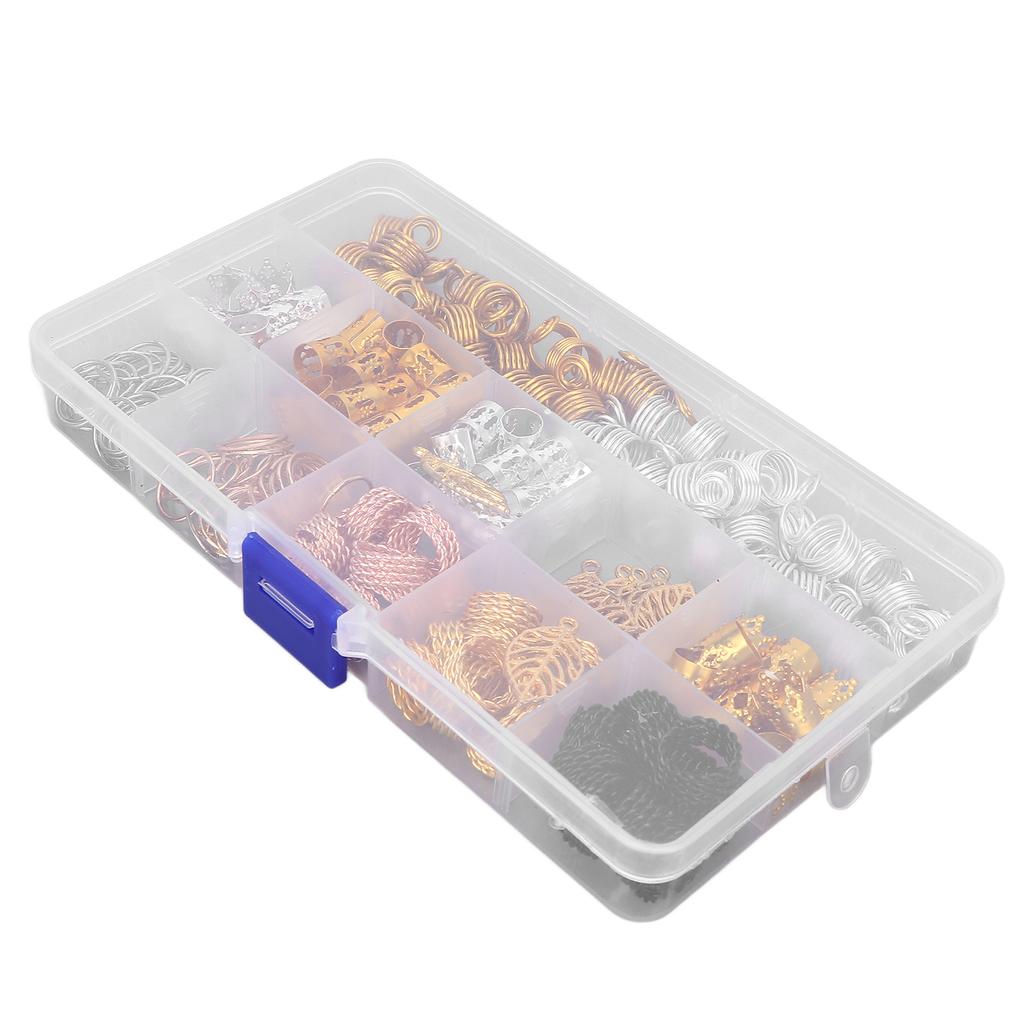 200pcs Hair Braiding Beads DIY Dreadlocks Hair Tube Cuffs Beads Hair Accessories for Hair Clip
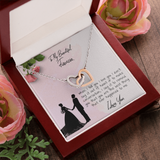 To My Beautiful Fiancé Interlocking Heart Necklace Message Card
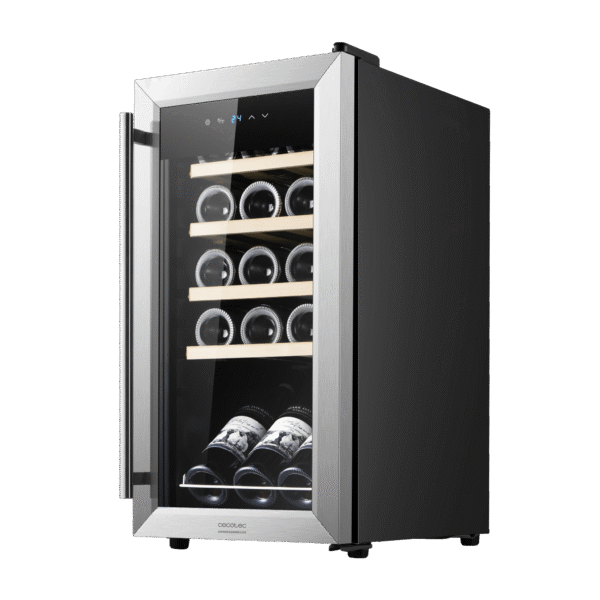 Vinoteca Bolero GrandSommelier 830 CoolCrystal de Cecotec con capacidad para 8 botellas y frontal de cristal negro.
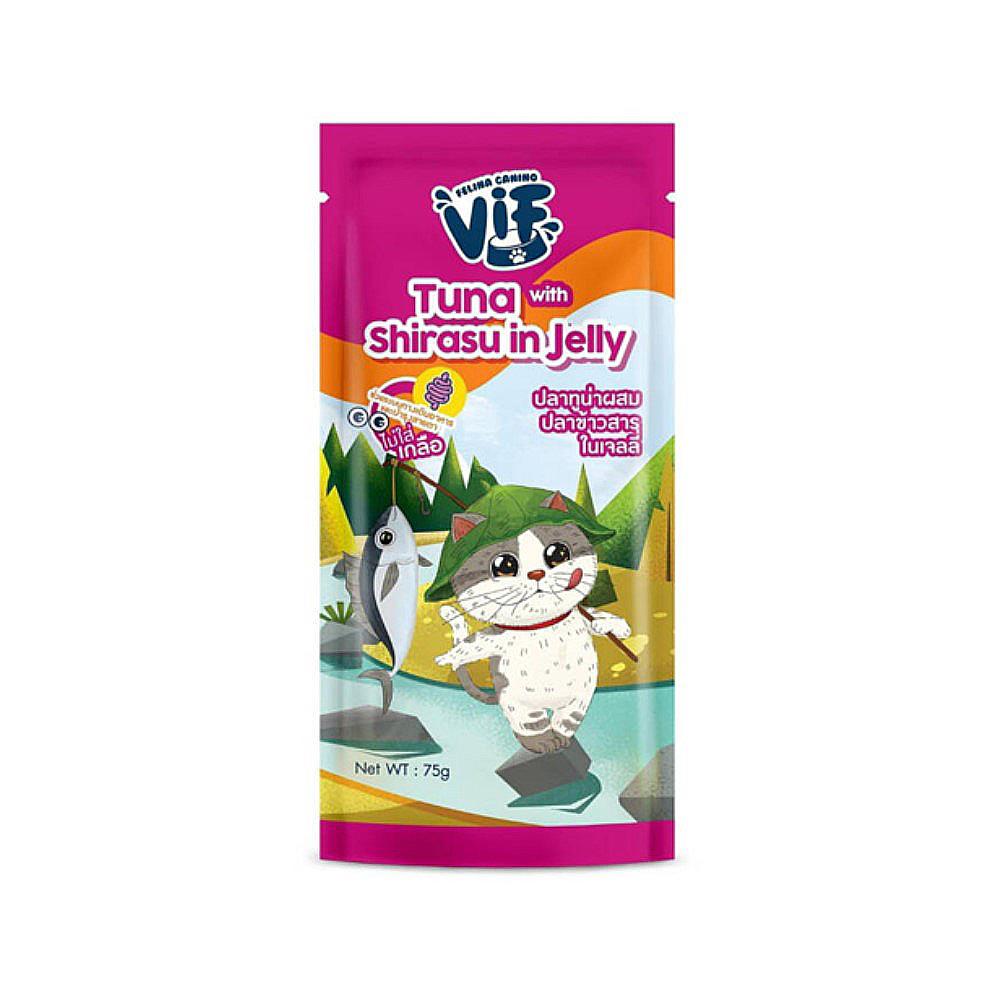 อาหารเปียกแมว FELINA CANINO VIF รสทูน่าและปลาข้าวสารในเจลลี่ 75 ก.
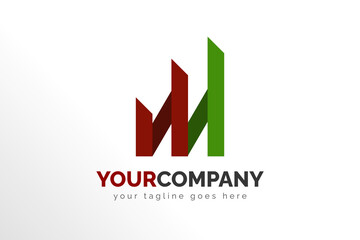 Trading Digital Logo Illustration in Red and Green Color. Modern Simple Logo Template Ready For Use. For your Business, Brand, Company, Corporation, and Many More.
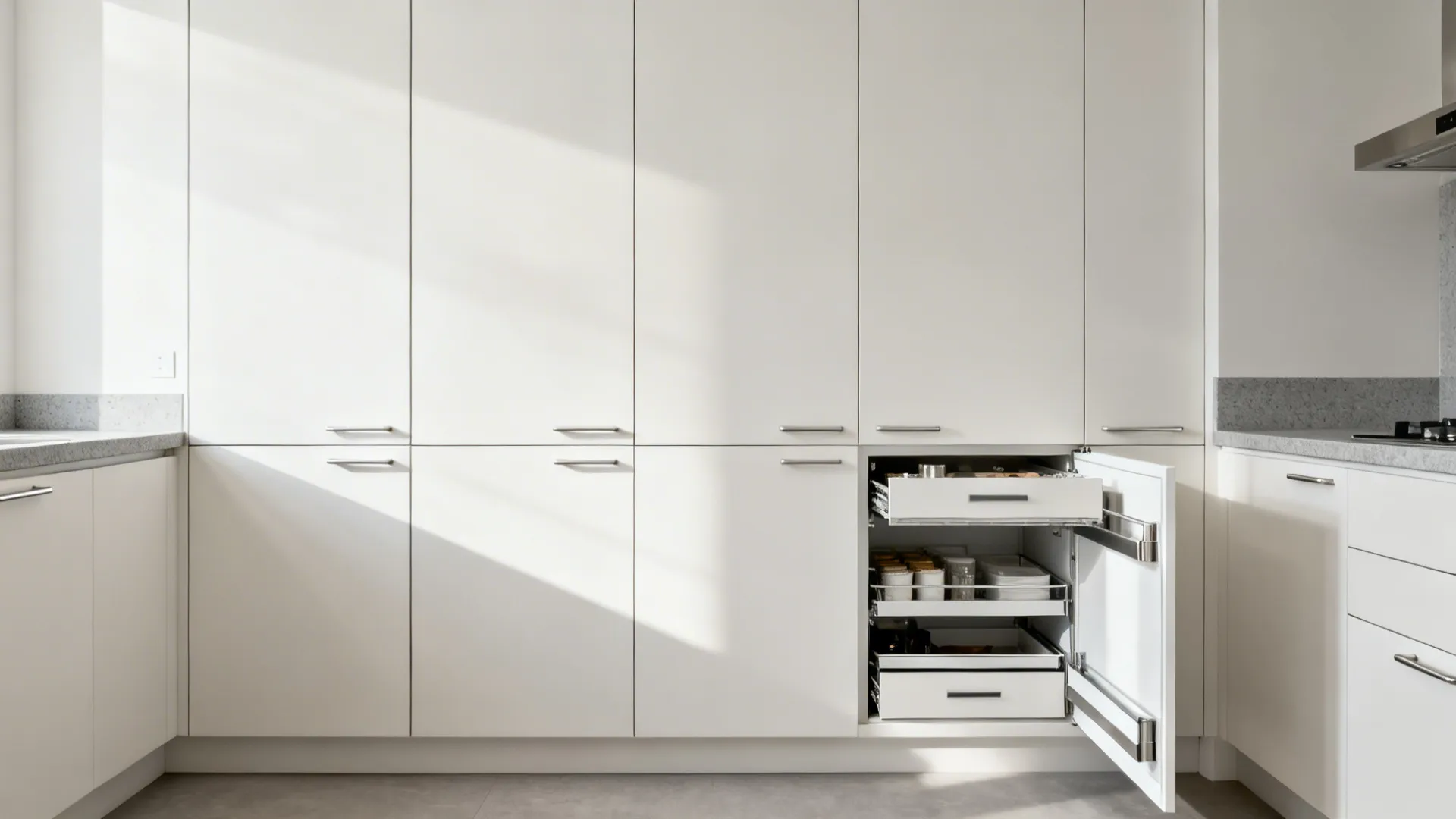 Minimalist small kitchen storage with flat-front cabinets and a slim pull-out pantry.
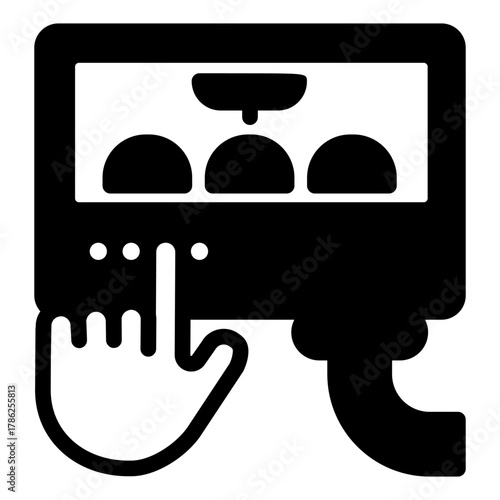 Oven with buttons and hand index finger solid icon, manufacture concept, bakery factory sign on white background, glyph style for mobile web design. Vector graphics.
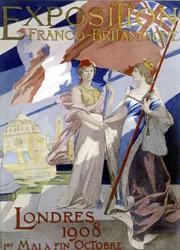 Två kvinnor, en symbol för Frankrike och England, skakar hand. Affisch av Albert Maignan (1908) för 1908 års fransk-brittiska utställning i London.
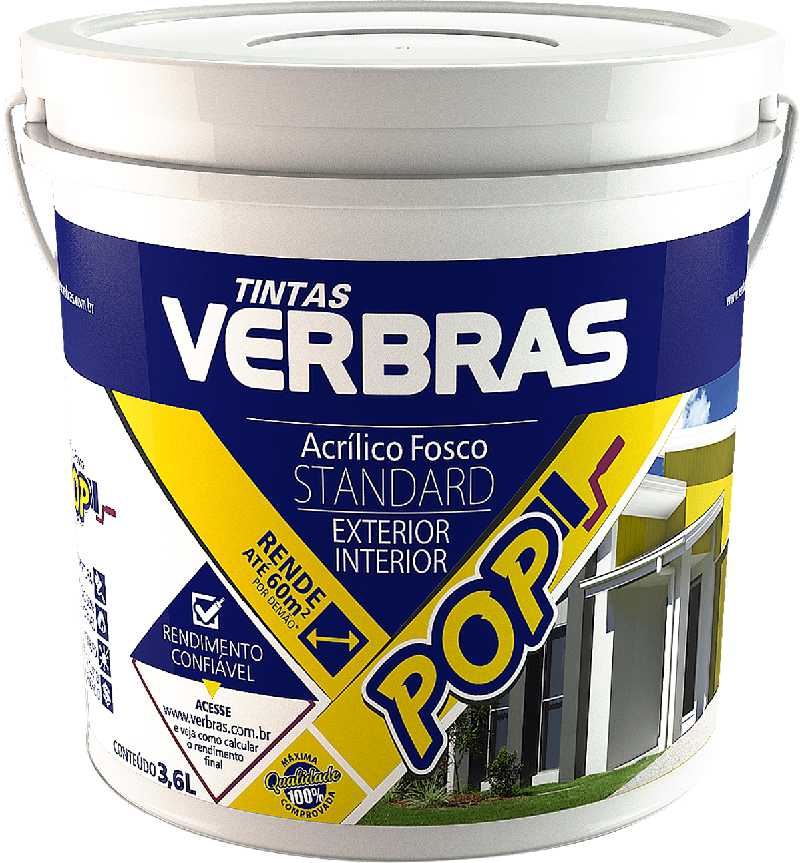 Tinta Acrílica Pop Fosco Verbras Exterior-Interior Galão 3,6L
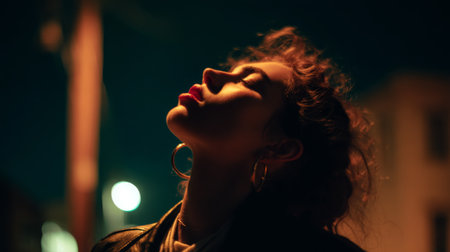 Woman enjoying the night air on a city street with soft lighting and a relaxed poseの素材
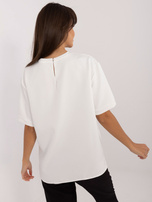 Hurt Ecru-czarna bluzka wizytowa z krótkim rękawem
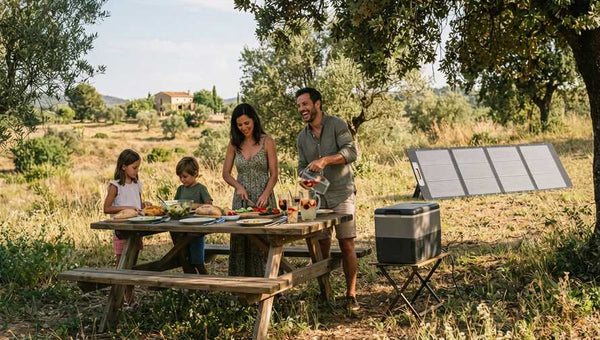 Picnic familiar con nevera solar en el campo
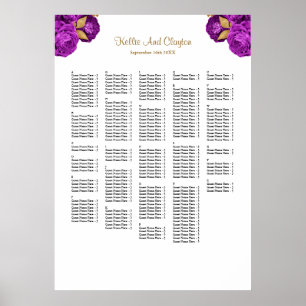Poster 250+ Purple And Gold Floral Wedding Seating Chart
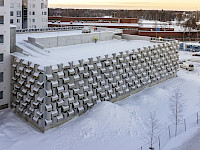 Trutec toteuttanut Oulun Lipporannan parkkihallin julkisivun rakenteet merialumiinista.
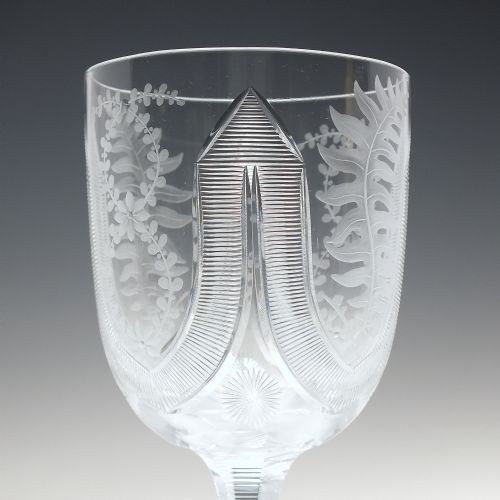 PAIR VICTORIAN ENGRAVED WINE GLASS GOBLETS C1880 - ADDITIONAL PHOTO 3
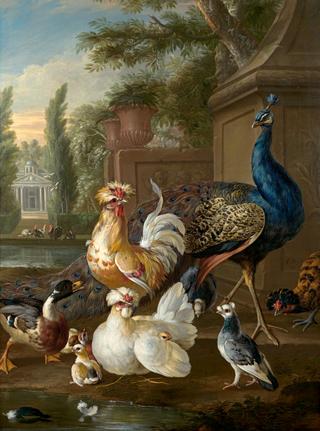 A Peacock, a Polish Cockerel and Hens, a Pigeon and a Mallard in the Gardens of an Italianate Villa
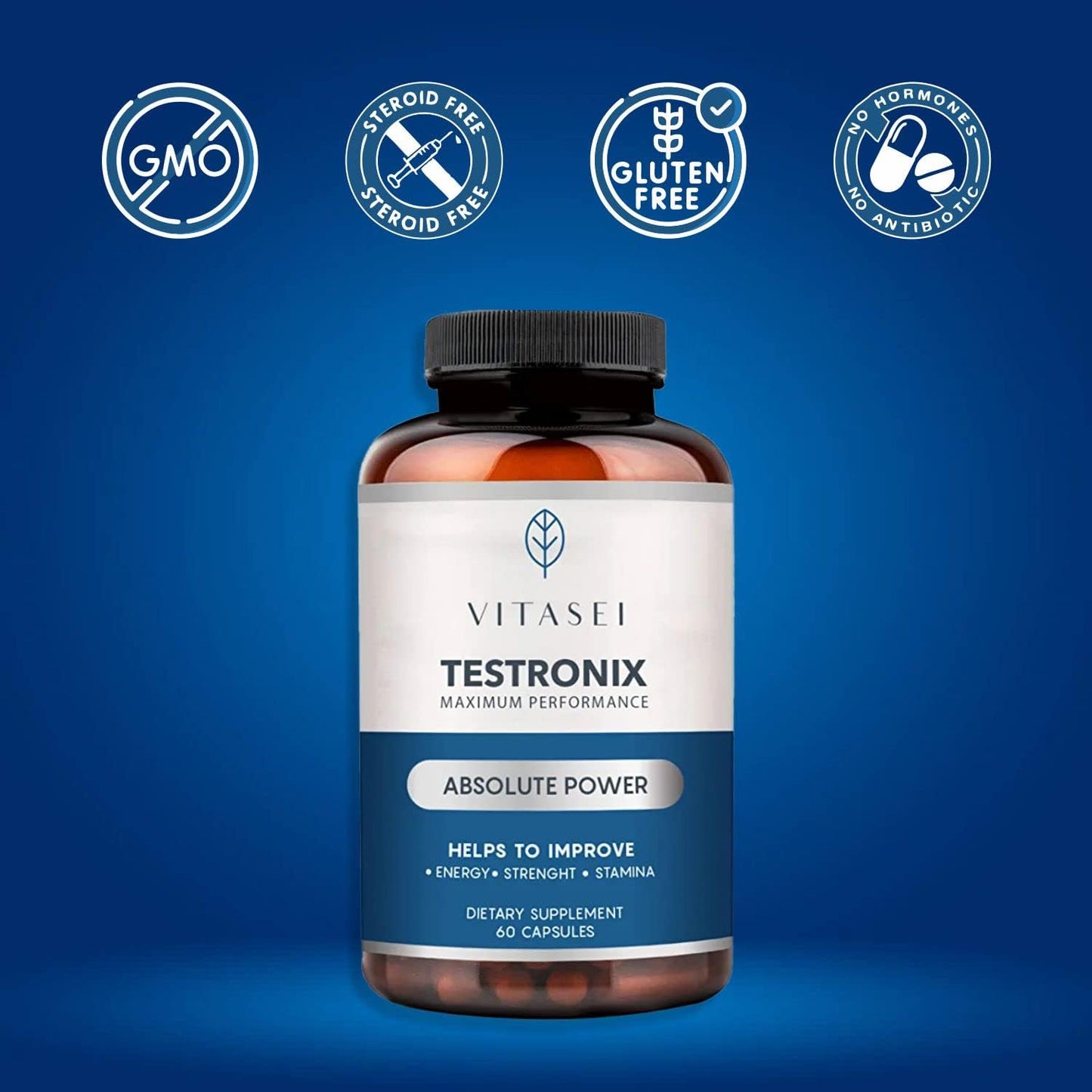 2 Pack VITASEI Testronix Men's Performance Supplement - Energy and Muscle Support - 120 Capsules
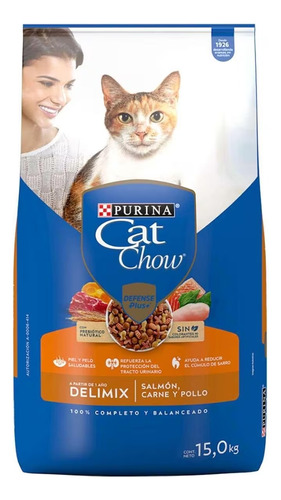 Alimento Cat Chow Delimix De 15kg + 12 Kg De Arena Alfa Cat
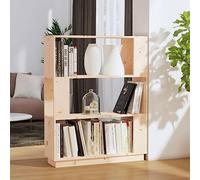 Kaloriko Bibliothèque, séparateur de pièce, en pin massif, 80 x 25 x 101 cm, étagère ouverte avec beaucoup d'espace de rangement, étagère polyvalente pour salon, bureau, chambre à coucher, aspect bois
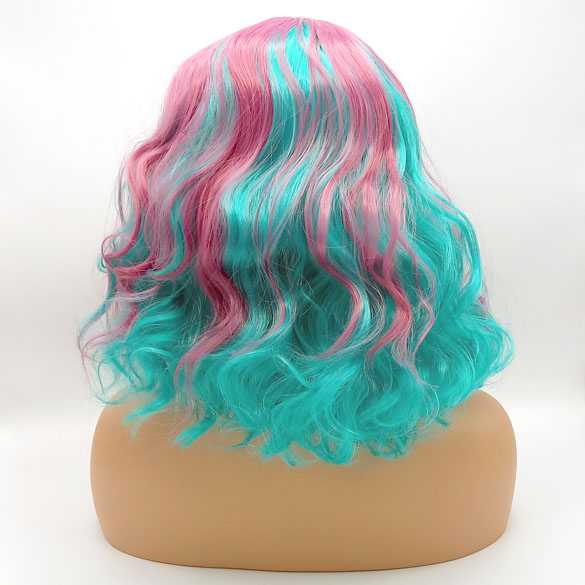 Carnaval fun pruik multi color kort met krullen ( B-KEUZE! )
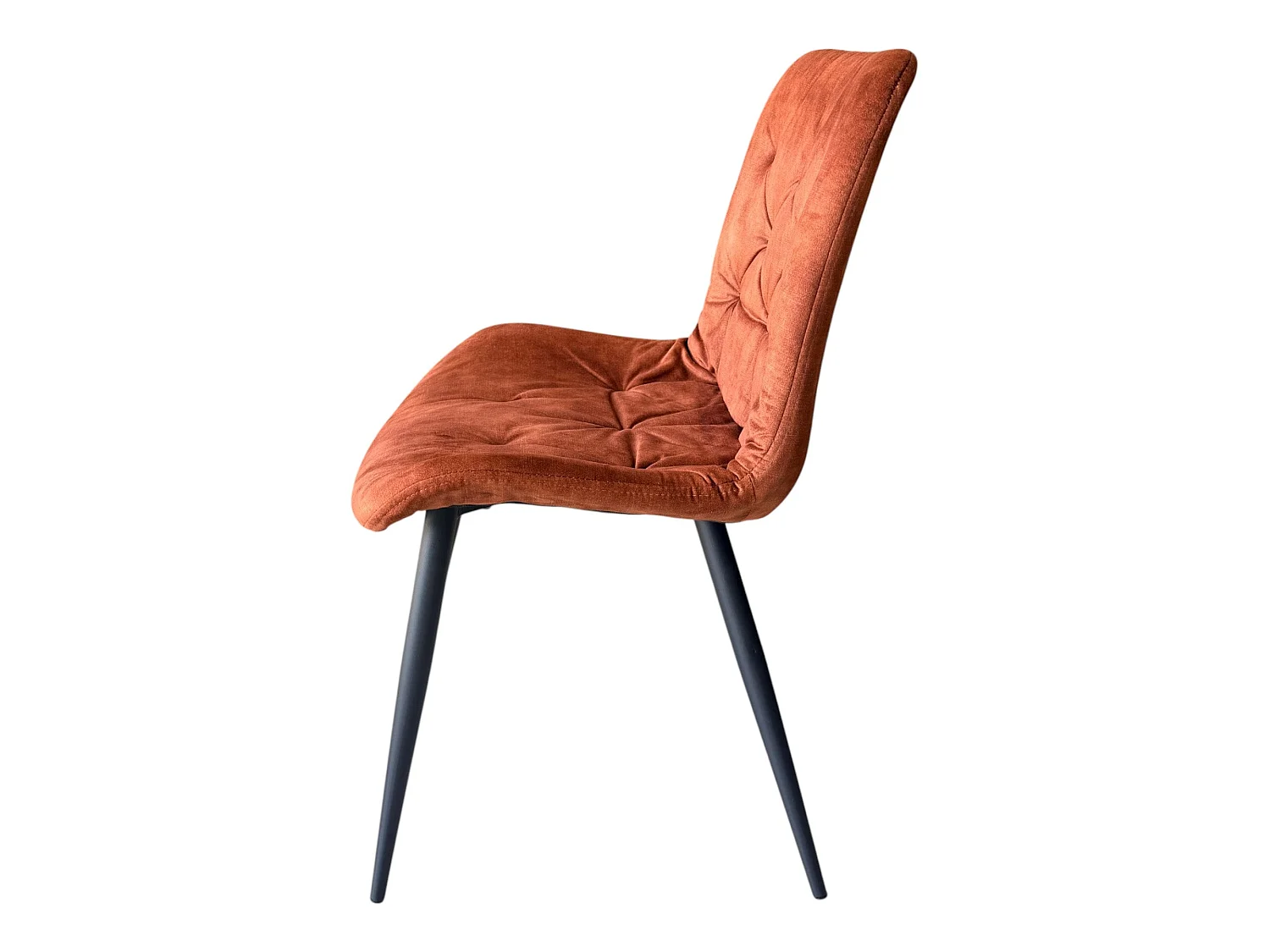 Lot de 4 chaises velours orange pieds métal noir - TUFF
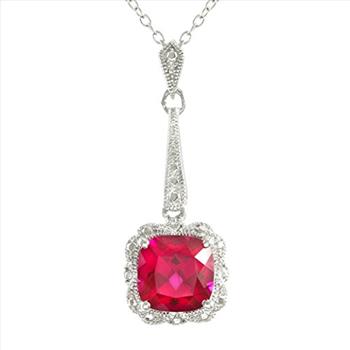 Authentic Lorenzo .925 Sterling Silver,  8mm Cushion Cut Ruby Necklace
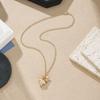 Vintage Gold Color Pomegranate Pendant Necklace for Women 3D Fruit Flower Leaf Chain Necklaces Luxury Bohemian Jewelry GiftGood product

◆ ◆ ◆ ◆

• Requirement
Beginning with the line above that contains "Minimalist small kitchen" and finishing with the line that contains "Alimento Cat Chow", print those lines exactly and only. Skip all pictures.

• Result of the exercise
 Minimalist small kitchen storage with flat-front cabinets and a slim pull-out pantry.
 Oven with buttons and hand index finger solid icon, manufacture concept, bakery factory sign on white background, glyph style for mobile web design. Vector graphics.
 Två kvinnor, en symbol för Frankrike och England, skakar hand. Affisch av Albert Maignan (1908) för 1908 års fransk-brittiska utställning i London.
 Tinta Acrílica Pop Fosco Verbras Exterior-Interior Galão 3,6L
 Woman enjoying the night air on a city street with soft lighting and a relaxed poseの素材
 Hurt Ecru-czarna bluzka wizytowa z krótkim rękawem
 Picnic familiar con nevera solar en el campo
Poster 250+ Purple And Gold Floral Wedding Seating Chart
 Trutec toteuttanut Oulun Lipporannan parkkihallin julkisivun rakenteet merialumiinista.
 PAIR VICTORIAN ENGRAVED WINE GLASS GOBLETS C1880 - ADDITIONAL PHOTO 3
 A Peacock, a Polish Cockerel and Hens, a Pigeon and a Mallard in the Gardens of an Italianate Villa
 2 Pack VITASEI Testronix Men's Performance Supplement - Energy and Muscle Support - 120 Capsules
 Alimento Cat Chow Delimix De 15kg + 12 Kg De Arena Alfa Cat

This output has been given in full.